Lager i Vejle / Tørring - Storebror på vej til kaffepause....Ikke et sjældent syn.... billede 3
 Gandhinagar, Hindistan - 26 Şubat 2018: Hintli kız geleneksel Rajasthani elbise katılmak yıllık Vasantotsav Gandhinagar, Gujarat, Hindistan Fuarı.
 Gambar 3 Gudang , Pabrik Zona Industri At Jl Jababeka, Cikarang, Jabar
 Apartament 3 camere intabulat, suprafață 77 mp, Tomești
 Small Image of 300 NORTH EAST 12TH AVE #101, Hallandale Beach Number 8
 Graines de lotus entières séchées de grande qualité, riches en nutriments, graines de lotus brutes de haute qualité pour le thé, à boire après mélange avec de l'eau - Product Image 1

• • • • • • •

▶ [DESCRIPTION OF THE TASK]: Please write out the entries above in full, exactly as they read.

▶ [RESPONSE TO THE TASK]:
Lager i Vejle / Tørring - Storebror på vej til kaffepause....Ikke et sjældent syn.... billede 3
 Gandhinagar, Hindistan - 26 Şubat 2018: Hintli kız geleneksel Rajasthani elbise katılmak yıllık Vasantotsav Gandhinagar, Gujarat, Hindistan Fuarı.
 Gambar 3 Gudang , Pabrik Zona Industri At Jl Jababeka, Cikarang, Jabar
 Apartament 3 camere intabulat, suprafață 77 mp, Tomești
 Small Image of 300 NORTH EAST 12TH AVE #101, Hallandale Beach Number 8
 Graines de lotus entières séchées de grande qualité, riches en nutriments, graines de lotus brutes de haute qualité pour le thé, à boire après mélange avec de l'eau - Product Image 1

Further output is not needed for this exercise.